World champion martial artist now a ‘champion for Christ’ as parish youth minister

6 mins read
MARTIAL ARTIST
Carolina Muñoz poses in her world championship taekwondo dobok, or uniform, in a 2022 photo. After suffering a serious injury in 2020, a torn knee ligament (ACL), Muñoz stopped competing but her strong Catholic faith led to her current role -- a champion for Christ as the youth minister at Our Lady of Mount Virgin Parish in Garfield, N.J., in the Archdiocese of Newark. (OSV News photo/Argenis Perez, courtesy Carolina Muñoz)

GARFIELD, N.J. (OSV News) — Surrender was never an option for Carolina Muñoz.

As a fighter standing exactly 5 feet tall, her opponents have always been bigger than her. As a youth minister at Our Lady of Mount Virgin Church in Garfield, many of the teenagers in her group tower over her. What stands out about Muñoz is her confidence. She can command a room with a few well-aimed words about faith and control the ring with a precision of punches. In either situation, she undisputedly believes in a victorious result.
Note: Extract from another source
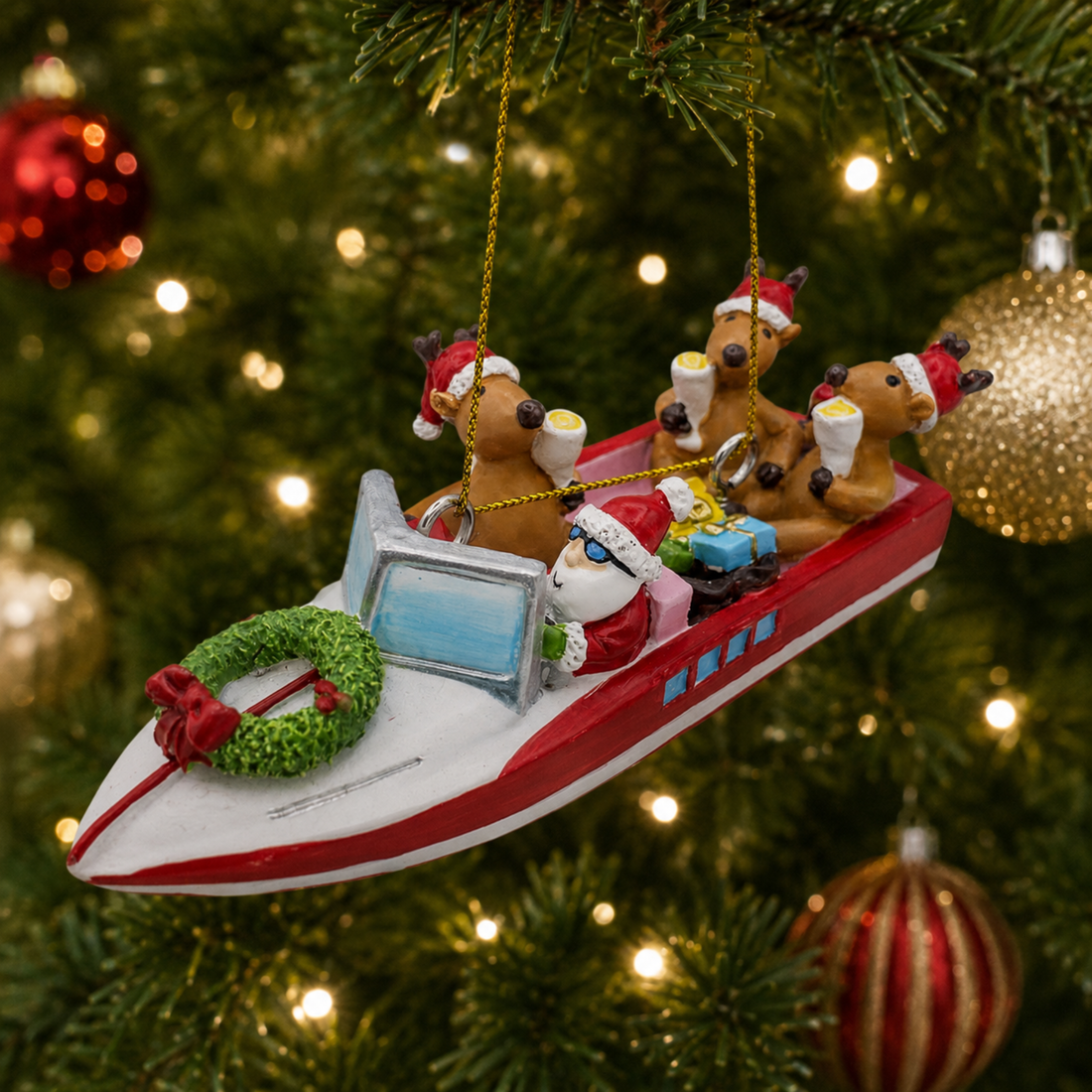 Santa & Reindeer Speed Boat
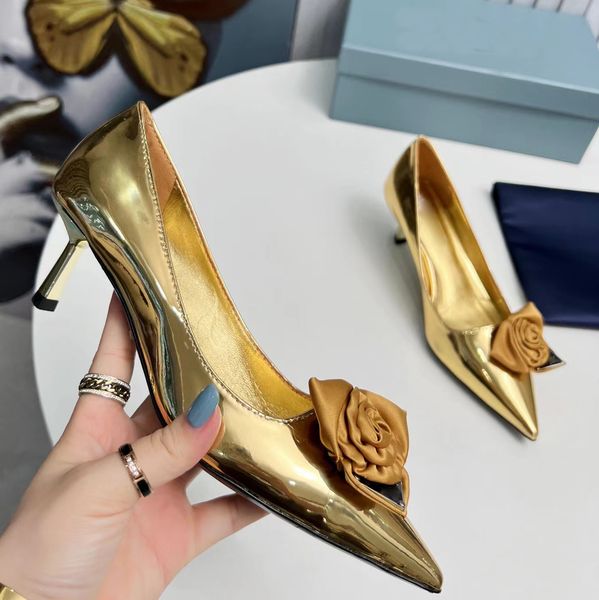 

fashion dress shoes women kitten heel triangle button decoration designer shoes silk flower elegant pointed genuine leather pumps, Black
That confidence made her a world champion in taekwondo. Its shattering made her a champion for Christ.

When Muñoz first arrived in the United States from Ecuador at age 3, she was a very shy child. It wasn’t until her mother introduced her to martial arts at age 6, after witnessing what the classes did for her older brother’s confidence, that something changed in her.

Her natural talent and love for the sport saw her become a dominant athlete throughout her childhood and teenage years. With every win her confidence grew. She even began teaching martial arts as she became older. In teaching, Muñoz found another love — one that, later in life, became a love for teaching youth.

A Dreamer

But as a teenager and an immigrant minor, she realized that there was one playing field that was not quite equal. Muñoz was a Dreamer — someone with undocumented migration status who was brought into the U.S. as a minor and would have qualified for the DREAM Act. By the time she was 16, she found that she could not apply for college or get a car.

In response to this, one of Muñoz’s high school teachers challenged her to speak about her experience as a Dreamer. Her confidence from martial arts and teaching translated well to public speaking, and soon she was sharing her experience with hundreds at Princeton University, Fairleigh Dickinson University and Elizabeth City Hall.

On top of that, Muñoz was now fighting nationally. Taekwondo was firmly first in her life, before faith, family or friends.

‘My identity was martial arts’

“My identity was martial arts,” she told the Jersey Catholic, online news outlet of the Archdiocese of Newark. “Leading up to my world championship, I sacrificed a lot. A lot of time with family, a lot of time with friends. I didn’t go out. For instance, on Sunday when my whole family would get together, I would instead go train for hours and hours. I knew my path at that moment and I was so hungry for it.”

While her family did not agree with the violence of fighting or the time it took away, they always supported her. And even though faith was not at the forefront of Muñoz’s mind then, it was her devout Catholic family that reminded her of God amid the success. Her mother, especially, had a way of gently bringing Jesus to her daughter.

“In any conversation that I have with my mom, she brings up Jesus and her faith,” she said. “Even though my faith wasn’t as strong as it is today, she was still feeding me — planting the seed and watering it. There was wisdom in the approach that my parents had, because if you force something upon someone, it’s not going to be well received. They just kept giving me these tidbits here and there.”

Drive to become a champion

There was only one goal for Muñoz: to become an ATA Martial Arts World Champion.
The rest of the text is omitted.